Oddly enough, they may be the most sentient of the bunch.
We’re not, after all, driving flying cars or flipping a little juice into the basement reactor to keep the house warm in the cold weather.
We have a different world than even five years ago thanks to the proliferation of personal communications devices and their interaction with one another and the Internet.
And, the survey finds that personal contentment has stayed at about the same percentage since the early 1970s, when the General Social Survey was first presented.
Back then, the issues involved the sexual revolution, women in the workplace, the Vietnam War, race riots, civil rights, and politics. The ensuing years since the first survey in 1972 have seen the fall of Richard Nixon, the rise and fall and perhaps the rise again of the Republican Revolution, wars in the Middle East, technological advances that render technological advances of just a few years before obsolete.

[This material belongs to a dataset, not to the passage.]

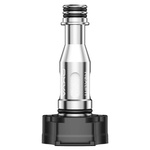 Ersatz-Coil OXVA NeXLIM - 1.2ohm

Most Americans, 54 percent, oddly enough the same percentage who sees the nation on a downhill slide toward 2050, think the country is worse than it was in 1972.
Nostalgia always favors the “good old days.” Even the generation that grew poor in the Great Depression and fought World War II can be heard longing for “the good old days.”

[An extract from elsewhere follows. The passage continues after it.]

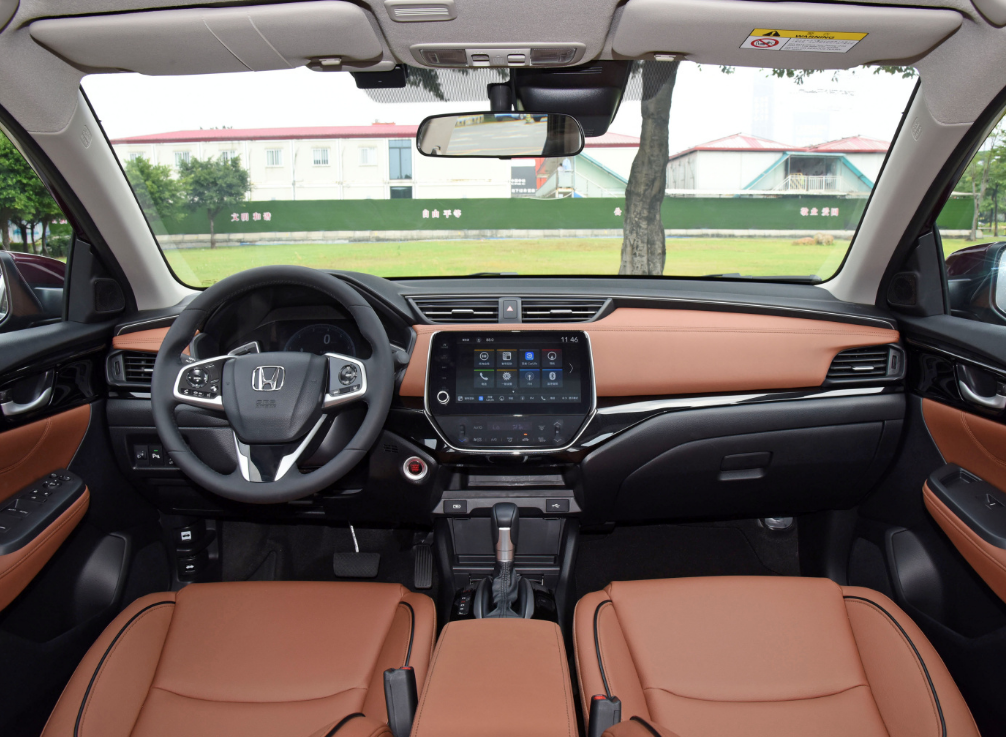 五一小长假自驾游座驾推荐,这三款适合全家出行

And fear of the future surely runs in many people. As technological changes rapidly change society, such as happened with the Industrial Revolution at the dawn of the 20th century and is happening in the early 21st century with the digital era, people worry about what the world will look like for their children and grandchildren.
The future often fails to seem bright, but it will come, despite politics, technology, economics and war.
Of that, there should be no worry.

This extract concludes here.